Set the whole listing down again, word for word, with no pictures.

··· THE DATA

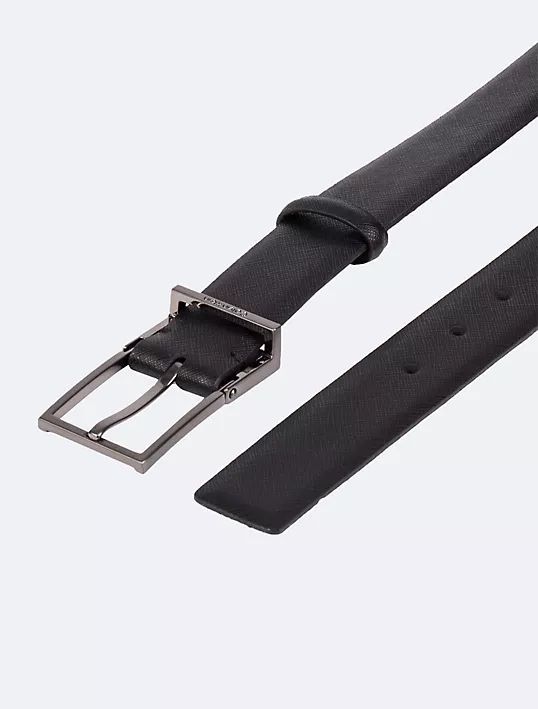 Ремінь новий Calvin Klein Saffiano Harness Buckle Belt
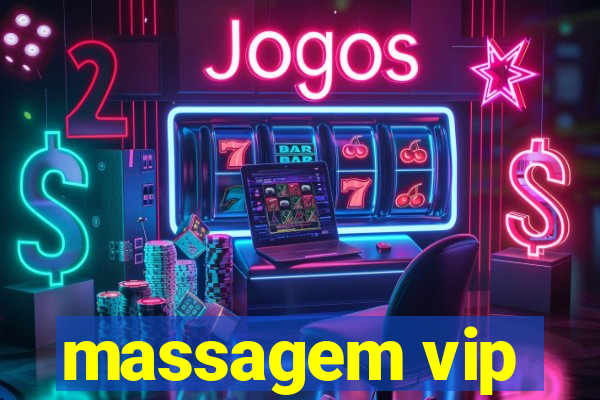 massagem vip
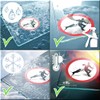 Traffic Sign Stickers - Warning Guard Dog - Thief -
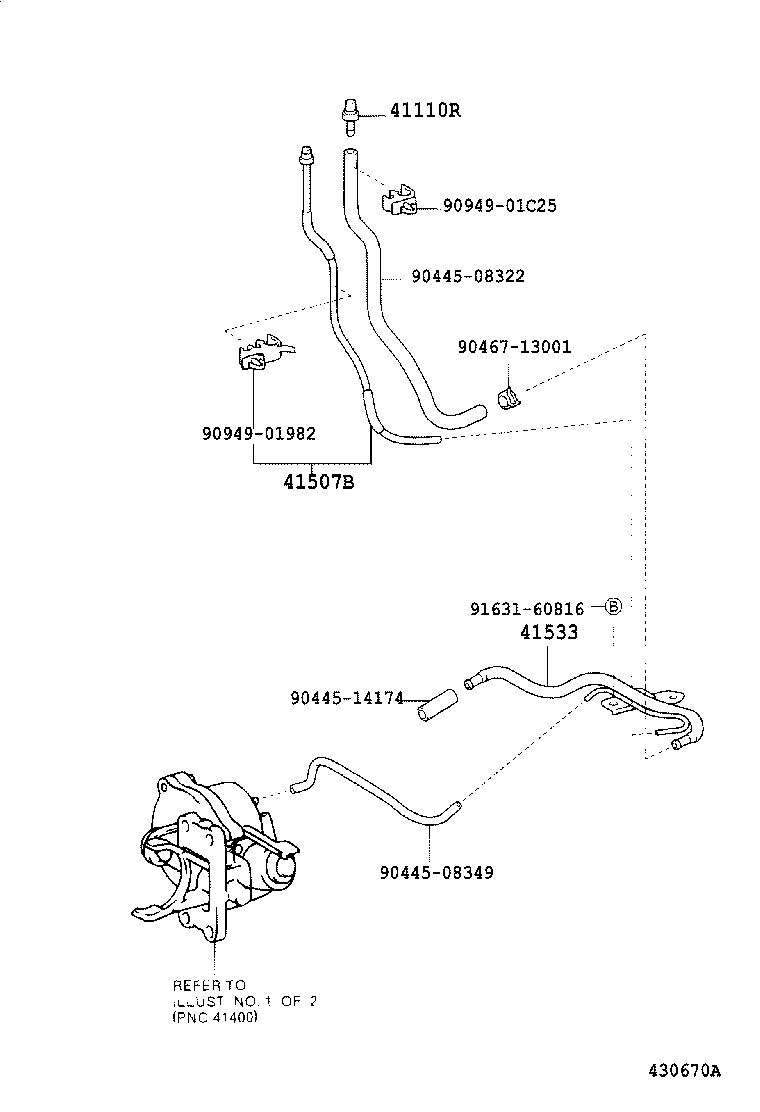 90311-47011 SEAL, OIL (FOR DIFFERENTIAL SIDE GEAR SHAFT) product image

······

## WRITTEN REPLY:
 Ремінь новий Calvin Klein Saffiano Harness Buckle Belt
 massagem vip
 Traffic Sign Stickers - Warning Guard Dog - Thief -
 90311-47011 SEAL, OIL (FOR DIFFERENTIAL SIDE GEAR SHAFT) product image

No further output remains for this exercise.